This project aims to analyze customer churn in the banking sector using a dataset of bank customers. By identifying the factors contributing to customer churn, this analysis provides insights for improving customer retention strategies.
- Python
- Pandas
- NumPy
- Matplotlib
- Seaborn
- Scikit-learn
- Jupyter Notebook
The dataset contains information about 10,000 bank customers and includes the following features:
- Age
- Salary
- Marital Status
- Credit Card Limit
- Credit Card Category
- Churn Rate (16.07%)
To run this project locally, follow these steps:
- Clone the repository:
git clone https://github.com/koke3/Bank_Churners_analysis.git
- Navigate to the project directory:
cd Bank_Churners_analysis - Install the required libraries:
pip install -r requirements.txt
- Open the Jupyter Notebook in the project directory:
jupyter notebook
2.Run the analysis cells in the notebook to explore the data and generate insights.
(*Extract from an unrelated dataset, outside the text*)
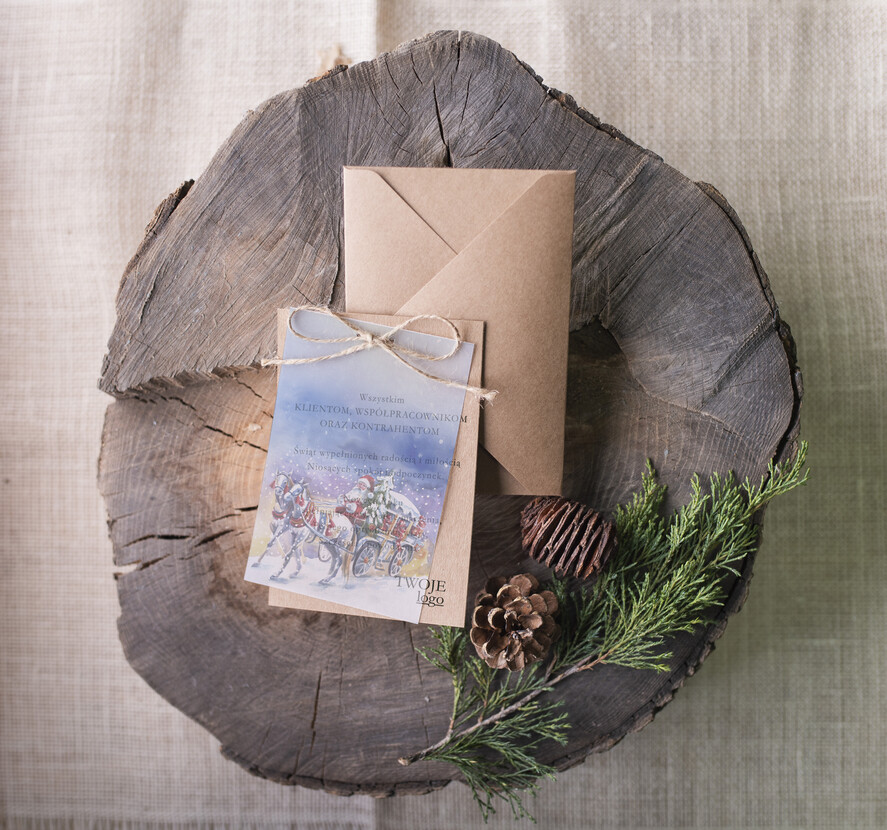 Kartki świąteczne z logo firmy retro kartki swiateczne z logo firmy, eco brąz z kalką0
The analysis provides visualizations and findings on customer behavior, highlighting key factors influencing churn. Insights derived from this analysis can be used to inform business strategies aimed at reducing churn.
Contributions are welcome! If you have suggestions or improvements, please create a pull request or open an issue.
This project is licensed under the MIT License - see the LICENSE file for details.